This invention relates to a data handling system, and in particular a device for organising and storing data for subsequent retrieval.
The advent of low cost digital cameras, cheap storage space and the vast quantity of media available has transformed the personal computer into a multi-purpose home entertainment centre. The versatile communications medium known as the “Internet” allows recorded digital media files representing, for example, text, sound, pictures, moving images, numerical data, or software to be transmitted worldwide very easily.
Note that although the plural ‘media’ is used throughout this specification, the term ‘media file’ is to be understood to include files which are intended to be conveyed to a user by only one medium—e.g. text or speech—as well as ‘multimedia’ files which convey information using a plurality of such media.
The number of media files accessible via the Internet is very large, so it is desirable to label media files with some description of what they contain in order to allow efficient searching or cataloguing of media.

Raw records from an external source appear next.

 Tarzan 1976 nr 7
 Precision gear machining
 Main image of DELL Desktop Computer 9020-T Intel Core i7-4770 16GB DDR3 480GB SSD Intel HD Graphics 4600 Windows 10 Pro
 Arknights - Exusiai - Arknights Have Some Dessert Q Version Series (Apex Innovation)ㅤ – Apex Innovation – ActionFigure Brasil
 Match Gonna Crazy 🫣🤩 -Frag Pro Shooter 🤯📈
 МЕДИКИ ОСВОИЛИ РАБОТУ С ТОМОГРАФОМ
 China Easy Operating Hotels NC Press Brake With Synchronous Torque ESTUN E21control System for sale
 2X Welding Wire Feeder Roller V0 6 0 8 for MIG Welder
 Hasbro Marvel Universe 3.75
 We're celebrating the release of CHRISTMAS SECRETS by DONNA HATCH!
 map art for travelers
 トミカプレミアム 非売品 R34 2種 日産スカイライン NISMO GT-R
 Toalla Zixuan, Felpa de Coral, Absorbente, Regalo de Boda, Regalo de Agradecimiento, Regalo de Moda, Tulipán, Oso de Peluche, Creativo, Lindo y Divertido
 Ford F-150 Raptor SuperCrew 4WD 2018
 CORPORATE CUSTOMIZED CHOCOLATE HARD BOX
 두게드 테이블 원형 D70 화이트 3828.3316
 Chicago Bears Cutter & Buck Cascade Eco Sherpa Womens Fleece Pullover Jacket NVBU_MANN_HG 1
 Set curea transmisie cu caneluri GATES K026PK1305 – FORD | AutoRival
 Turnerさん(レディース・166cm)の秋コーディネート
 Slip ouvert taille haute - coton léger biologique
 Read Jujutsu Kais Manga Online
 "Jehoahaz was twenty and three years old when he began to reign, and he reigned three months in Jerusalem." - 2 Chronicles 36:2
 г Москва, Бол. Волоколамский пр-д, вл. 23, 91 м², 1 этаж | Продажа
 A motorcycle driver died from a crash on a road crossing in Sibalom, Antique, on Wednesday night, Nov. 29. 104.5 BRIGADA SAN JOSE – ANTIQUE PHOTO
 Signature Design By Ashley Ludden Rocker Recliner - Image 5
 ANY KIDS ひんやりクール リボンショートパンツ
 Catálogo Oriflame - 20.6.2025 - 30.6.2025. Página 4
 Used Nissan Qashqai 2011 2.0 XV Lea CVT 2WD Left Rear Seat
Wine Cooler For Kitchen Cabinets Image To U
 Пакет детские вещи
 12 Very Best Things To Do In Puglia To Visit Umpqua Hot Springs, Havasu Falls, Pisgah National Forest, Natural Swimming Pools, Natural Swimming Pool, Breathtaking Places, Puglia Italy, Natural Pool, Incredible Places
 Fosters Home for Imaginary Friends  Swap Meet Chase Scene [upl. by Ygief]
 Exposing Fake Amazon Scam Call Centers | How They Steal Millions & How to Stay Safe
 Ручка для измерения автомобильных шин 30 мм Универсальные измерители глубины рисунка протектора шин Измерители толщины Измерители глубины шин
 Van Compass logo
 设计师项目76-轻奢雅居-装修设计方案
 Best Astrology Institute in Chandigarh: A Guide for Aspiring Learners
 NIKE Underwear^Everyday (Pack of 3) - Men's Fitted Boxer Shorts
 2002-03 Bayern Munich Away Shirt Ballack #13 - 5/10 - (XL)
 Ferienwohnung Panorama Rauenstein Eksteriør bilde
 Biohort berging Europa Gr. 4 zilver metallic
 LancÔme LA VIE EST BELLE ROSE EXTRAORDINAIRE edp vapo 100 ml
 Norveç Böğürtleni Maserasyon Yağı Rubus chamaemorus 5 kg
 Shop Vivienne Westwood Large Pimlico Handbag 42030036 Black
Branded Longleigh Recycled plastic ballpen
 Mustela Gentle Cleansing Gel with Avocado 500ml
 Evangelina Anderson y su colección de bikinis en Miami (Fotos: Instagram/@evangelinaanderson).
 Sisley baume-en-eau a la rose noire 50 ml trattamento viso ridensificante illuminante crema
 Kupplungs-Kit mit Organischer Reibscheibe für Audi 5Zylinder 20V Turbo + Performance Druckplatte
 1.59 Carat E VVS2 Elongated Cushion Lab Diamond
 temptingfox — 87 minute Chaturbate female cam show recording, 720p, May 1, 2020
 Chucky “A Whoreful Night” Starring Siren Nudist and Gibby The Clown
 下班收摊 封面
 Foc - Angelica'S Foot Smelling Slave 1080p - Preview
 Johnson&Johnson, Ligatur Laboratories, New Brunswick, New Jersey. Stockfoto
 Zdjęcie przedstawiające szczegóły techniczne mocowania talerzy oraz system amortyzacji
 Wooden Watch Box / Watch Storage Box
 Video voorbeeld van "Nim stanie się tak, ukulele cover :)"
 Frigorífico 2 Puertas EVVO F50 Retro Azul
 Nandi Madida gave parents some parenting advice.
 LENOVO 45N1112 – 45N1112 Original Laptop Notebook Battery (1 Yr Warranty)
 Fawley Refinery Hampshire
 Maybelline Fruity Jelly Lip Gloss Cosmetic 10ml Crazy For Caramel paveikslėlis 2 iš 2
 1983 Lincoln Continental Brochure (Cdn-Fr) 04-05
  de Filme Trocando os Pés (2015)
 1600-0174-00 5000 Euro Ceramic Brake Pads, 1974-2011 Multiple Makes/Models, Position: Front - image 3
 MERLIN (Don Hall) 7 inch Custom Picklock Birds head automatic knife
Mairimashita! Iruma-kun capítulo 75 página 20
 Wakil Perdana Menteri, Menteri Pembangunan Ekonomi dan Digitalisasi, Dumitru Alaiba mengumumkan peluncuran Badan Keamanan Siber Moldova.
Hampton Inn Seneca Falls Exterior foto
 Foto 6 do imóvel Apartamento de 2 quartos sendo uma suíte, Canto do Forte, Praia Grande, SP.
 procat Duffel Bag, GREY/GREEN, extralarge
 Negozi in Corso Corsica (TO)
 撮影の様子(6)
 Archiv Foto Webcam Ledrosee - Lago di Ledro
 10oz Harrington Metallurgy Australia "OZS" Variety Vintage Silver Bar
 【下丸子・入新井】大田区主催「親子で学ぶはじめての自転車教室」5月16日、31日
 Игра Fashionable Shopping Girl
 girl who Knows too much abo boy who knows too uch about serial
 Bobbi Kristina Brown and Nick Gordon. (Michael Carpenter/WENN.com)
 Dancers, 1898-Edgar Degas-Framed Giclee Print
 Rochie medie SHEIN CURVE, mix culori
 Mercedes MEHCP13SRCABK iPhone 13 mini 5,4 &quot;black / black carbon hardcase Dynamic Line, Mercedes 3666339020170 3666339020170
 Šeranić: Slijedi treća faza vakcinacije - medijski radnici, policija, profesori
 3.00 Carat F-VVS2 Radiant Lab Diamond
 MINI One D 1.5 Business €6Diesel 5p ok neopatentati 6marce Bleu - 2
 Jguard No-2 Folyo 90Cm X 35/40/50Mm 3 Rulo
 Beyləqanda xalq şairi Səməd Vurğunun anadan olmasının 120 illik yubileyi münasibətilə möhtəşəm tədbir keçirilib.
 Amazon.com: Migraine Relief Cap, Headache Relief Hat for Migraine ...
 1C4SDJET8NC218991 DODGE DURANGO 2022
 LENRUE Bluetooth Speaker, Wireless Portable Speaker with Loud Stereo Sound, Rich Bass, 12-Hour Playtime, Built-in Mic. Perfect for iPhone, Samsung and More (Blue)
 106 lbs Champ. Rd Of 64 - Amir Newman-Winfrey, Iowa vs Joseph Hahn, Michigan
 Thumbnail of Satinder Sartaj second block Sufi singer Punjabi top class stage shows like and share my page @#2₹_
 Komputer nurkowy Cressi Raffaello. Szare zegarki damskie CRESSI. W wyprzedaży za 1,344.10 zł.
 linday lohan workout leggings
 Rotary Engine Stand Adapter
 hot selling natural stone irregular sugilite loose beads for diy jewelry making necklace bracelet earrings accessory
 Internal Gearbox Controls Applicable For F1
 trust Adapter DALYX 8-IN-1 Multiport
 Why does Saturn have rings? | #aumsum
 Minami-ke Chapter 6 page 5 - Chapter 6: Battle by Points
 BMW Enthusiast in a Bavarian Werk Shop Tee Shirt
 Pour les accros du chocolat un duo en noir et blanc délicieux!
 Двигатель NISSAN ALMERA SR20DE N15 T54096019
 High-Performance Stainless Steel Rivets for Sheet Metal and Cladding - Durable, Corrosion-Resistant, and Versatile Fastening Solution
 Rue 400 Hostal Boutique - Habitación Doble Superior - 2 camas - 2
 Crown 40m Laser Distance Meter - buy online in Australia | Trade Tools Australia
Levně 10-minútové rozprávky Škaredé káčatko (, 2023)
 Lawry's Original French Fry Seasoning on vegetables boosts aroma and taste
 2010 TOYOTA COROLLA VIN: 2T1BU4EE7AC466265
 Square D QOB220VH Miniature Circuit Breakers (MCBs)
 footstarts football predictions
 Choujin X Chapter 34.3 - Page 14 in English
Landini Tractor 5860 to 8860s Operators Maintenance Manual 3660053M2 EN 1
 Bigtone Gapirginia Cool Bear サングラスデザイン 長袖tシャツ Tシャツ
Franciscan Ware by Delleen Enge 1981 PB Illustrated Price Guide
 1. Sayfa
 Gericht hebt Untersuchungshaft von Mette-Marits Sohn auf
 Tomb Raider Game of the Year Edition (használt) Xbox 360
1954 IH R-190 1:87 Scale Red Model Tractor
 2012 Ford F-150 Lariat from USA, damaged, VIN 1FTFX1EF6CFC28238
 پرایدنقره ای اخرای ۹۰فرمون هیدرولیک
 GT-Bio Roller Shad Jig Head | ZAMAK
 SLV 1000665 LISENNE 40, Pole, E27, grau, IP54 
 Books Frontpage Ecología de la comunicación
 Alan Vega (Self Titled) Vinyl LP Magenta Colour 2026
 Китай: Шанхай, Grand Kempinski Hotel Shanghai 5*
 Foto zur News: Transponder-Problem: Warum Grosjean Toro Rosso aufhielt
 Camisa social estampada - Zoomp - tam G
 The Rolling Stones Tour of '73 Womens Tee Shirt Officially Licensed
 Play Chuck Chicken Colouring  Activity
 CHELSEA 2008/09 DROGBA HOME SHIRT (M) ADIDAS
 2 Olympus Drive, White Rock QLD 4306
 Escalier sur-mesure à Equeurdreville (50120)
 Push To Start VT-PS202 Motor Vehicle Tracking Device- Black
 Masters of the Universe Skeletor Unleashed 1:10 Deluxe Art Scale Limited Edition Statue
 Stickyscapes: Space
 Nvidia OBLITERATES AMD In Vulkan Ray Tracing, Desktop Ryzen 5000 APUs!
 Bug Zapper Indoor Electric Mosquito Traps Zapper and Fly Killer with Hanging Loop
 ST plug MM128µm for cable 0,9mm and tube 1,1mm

Many users therefore add metadata to the individual objects in the media. Metadata are data that relate to the content or context of the object and allow the data to be sorted—for example it is common for digital data of many kinds to have their date of creation, or their amendment history, recorded in a form that can be retrieved. Thus, for example, HTML (HyperText Mark-up Language) files relating to an Internet web page may contain ‘metadata’ tags that include keywords indicating what subjects are covered in the web-page presented to the user. Alternatively, the keywords may be attached to a separate metadata object, which contains a reference to an address allowing access to the item of data itself. The metadata object may be stored locally, or it may be accessible over a long-distance communications medium, such as the Internet. Such addresses will be referred to herein as “media objects”, to distinguish them from the actual media files to be found at the addresses indicated by the media objects. The expression ‘media object’ includes media data files, streams, or a set of pointers into a file or database.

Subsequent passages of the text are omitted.